As you will have noted the restaurant business is not easy, money is always a problem, costs are high, profit is low. Despite what you see in other articles the average profit for the restaurant business is less than 5%. This is a business you either love or hate. If you are going to succeed you will need to love it. There is no other success formula. It is LONG hot hours, (avg owner 80 -100 hrs p/wk); highly demanding customer base (we want it in 5 minutes & perfect every time); and for the most part good help is extremely hard to find.
Still interested? Good.
Twenty plus years of building restaurants and concepts tells me that it IS possible to succeed in this business.

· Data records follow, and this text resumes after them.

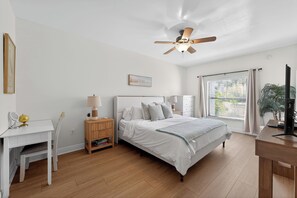 A bedroom with a bed, desk, chair, nightstand, lamp, ceiling fan, window with curtains, and a plant. - Sunny Naples Getaway- 2BR Condo with Pool, Tennis, & Minutes to Beach (Naples)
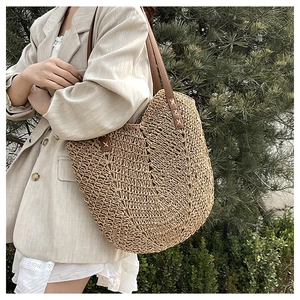 Detail of hand-woven straw tote bag with brown leather handle and reinforced stitching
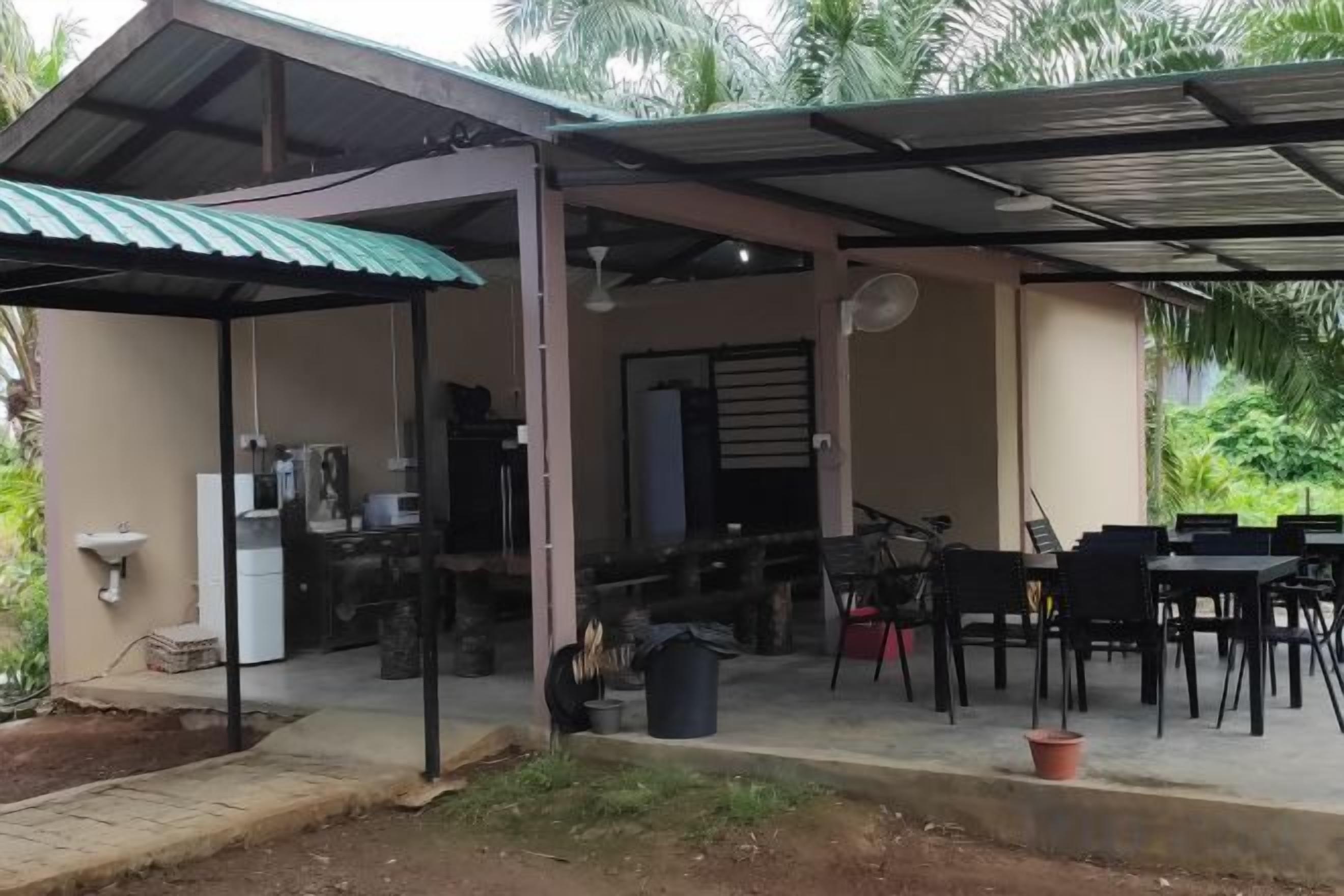 A covered outdoor area with a dining table and chairs, a sink, and a refrigerator.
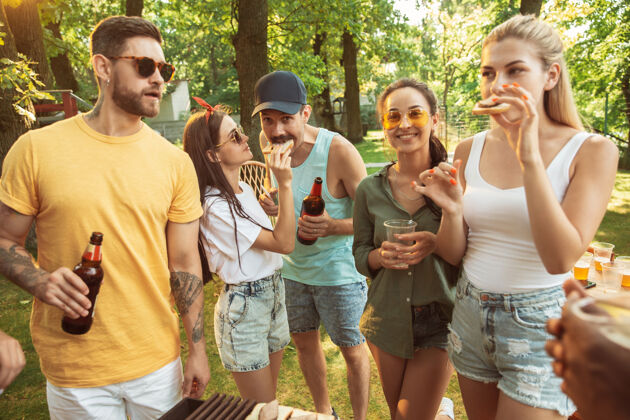 啤酒一群快乐的朋友在阳光明媚的日子里喝着啤酒 一起烧烤一起在户外的林间空地或后院休息喝吃自然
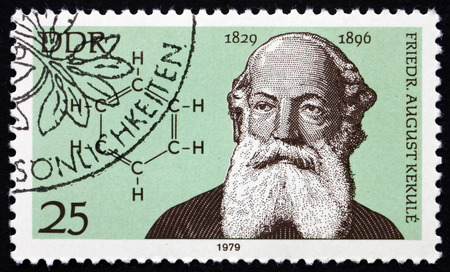 GERMANY - CIRCA 1979: a stamp printed in Germany shows Friedrich August Kekule, German Organic Chemist, and Benzene Ring, circa 1979のeditorial素材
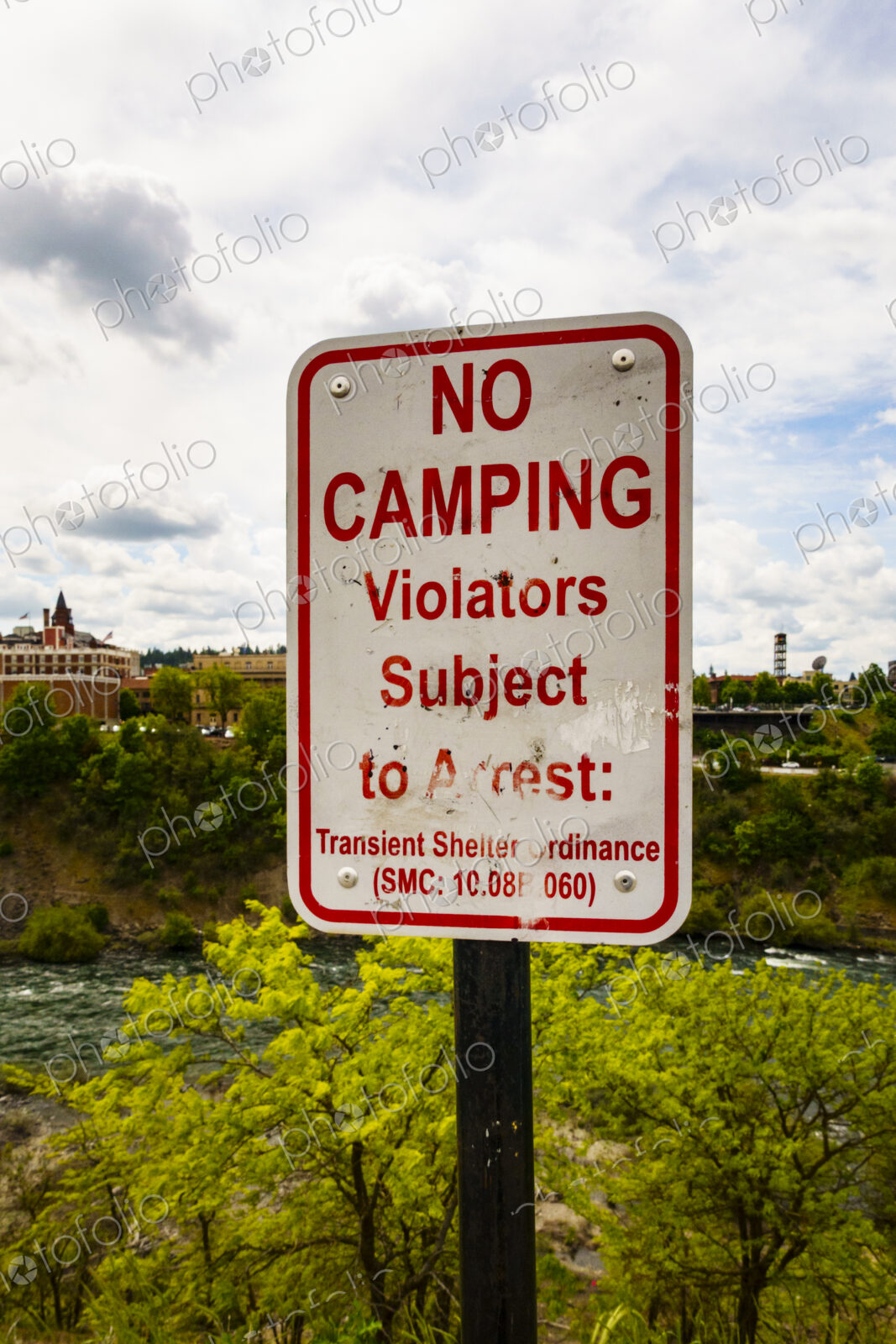 No camping sign by the Spokane River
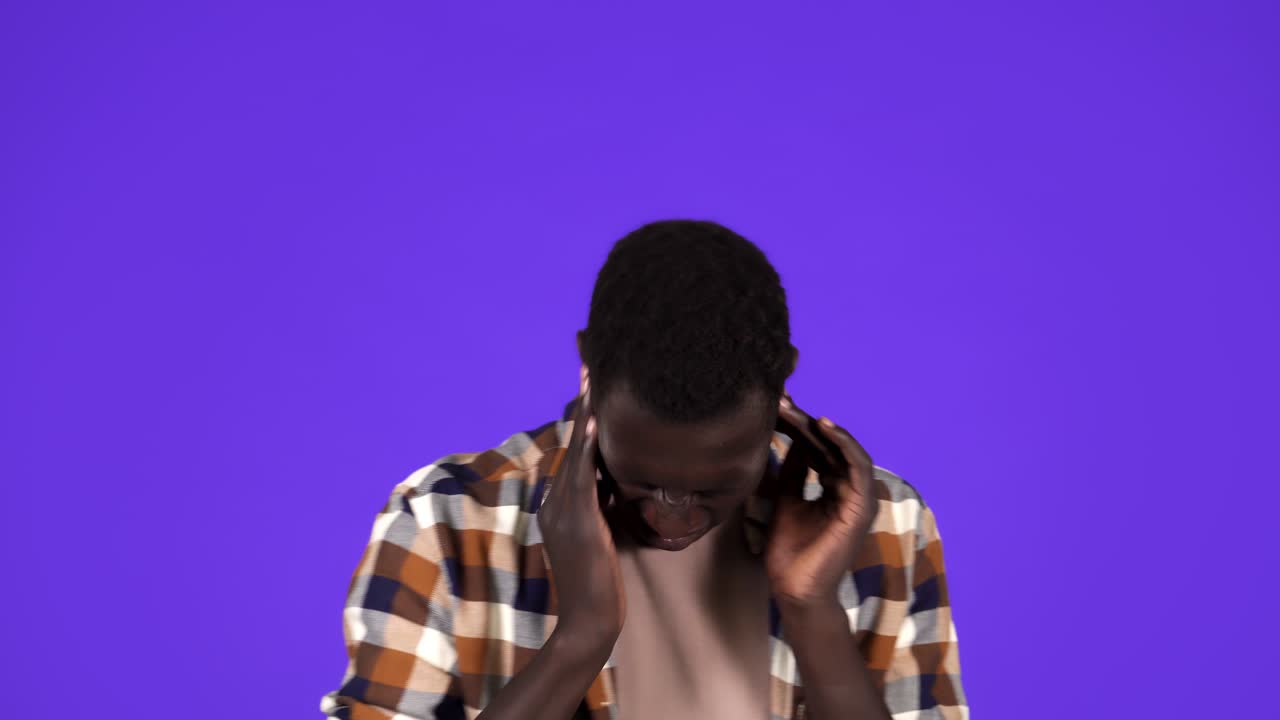Uomo afroamericano soddisfatto si gode un suono potente e perfetto nelle nuove cuffie, vestito con una camicia a quadri, ha tempo libero e si diverte.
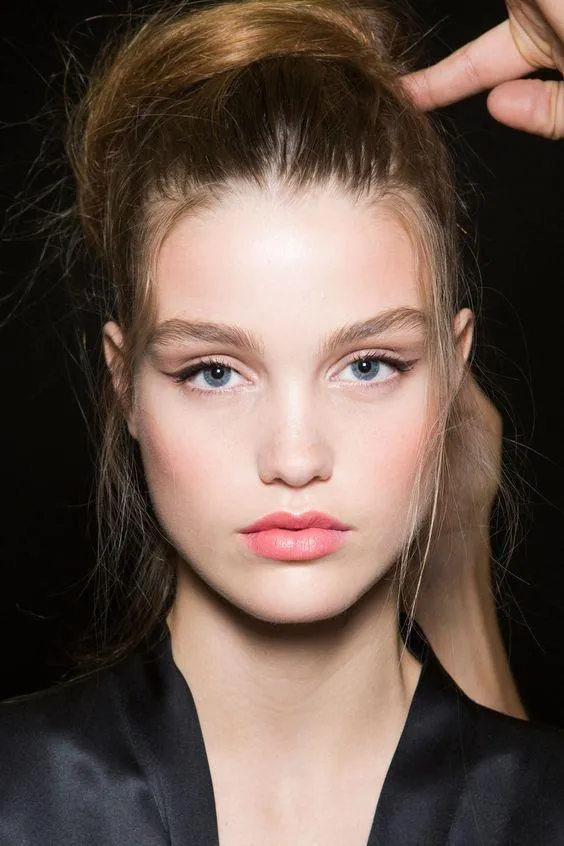Portrait of a young woman with sleek hair and a natural look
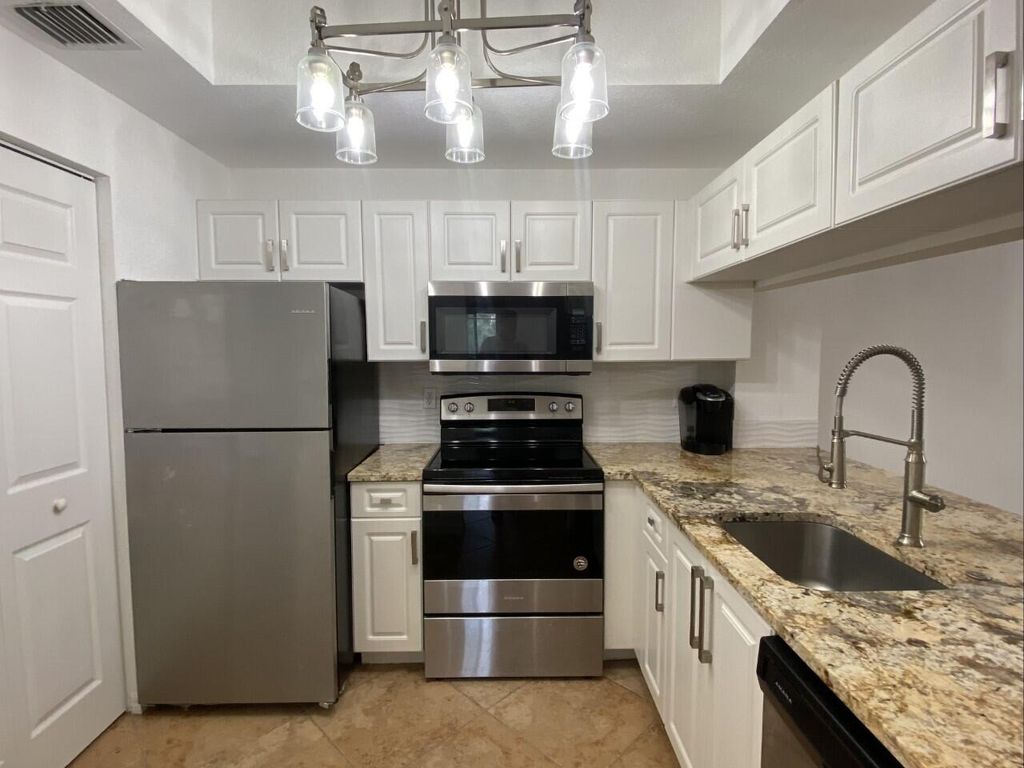 Photo of 2812 Grande Pkwy #202, Palm Beach Gardens, FL 33410 (MLS # R11119638)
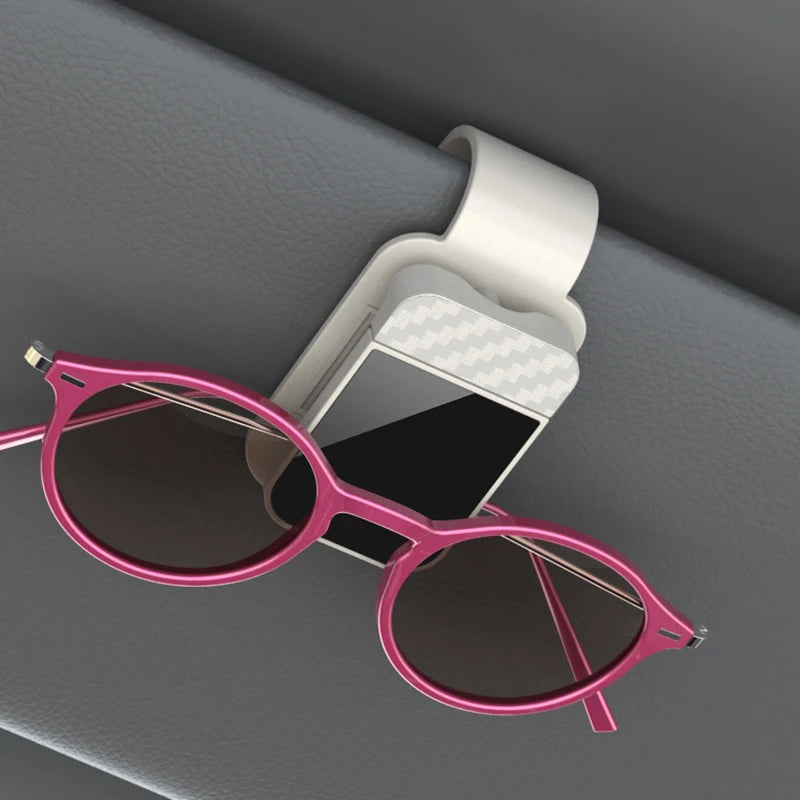 Pink sunglasses hanging from a car visor holder on a gray car interior.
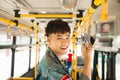 Asian man taking public transport, standing inside bus. Royalty Free Stock Photo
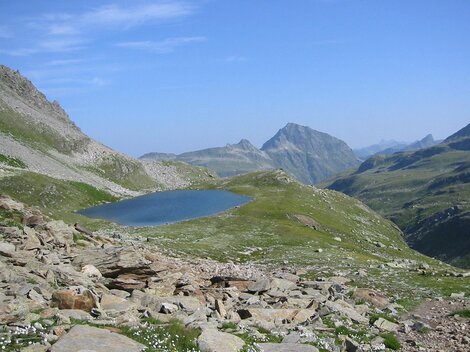A picturesque mountain landscape with a clear blue lake. In the background, majestic mountains rise under a blue sky.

FIRST: Look at your concept and business plan. Is it really feasible? Are the funds there for you to work with? The property will not become self sufficient for approx 2 years (industry avg), which means that you will continue to invest capital in it for two years AFTER you open your doors. This is the area that causes most restaurants to fail. High opening costs and high overhead are the number one killers of new properties. You CANNOT expect to have your costs covered by your customer base for at LEAST 2 yrs. If it does happen, and I've only seen that occur twice in 20 yrs, you'll be ahead of the game, so count yourself lucky.
SECOND: Location DOES count. Look at the traffic in front of the property you're considering. It should have a traffic rate of approx 10k-100k cars passing per day depending on the size of your city and the location within the city. Is the property easily accessible from the road? This can be a major problem if you're looking at a one way street and traffic must cross over to get to your property. What is the competition like within 5 blocks (all directions) of you? Look at and test your local competitors. What are they selling, how are they selling it, what's their foot traffic like, how do they perform? AND, how much of their customer base do you think you can get? Don't assess this by car. Walk the blocks. Look at the aesthetics of your potential property and your competitors' properties.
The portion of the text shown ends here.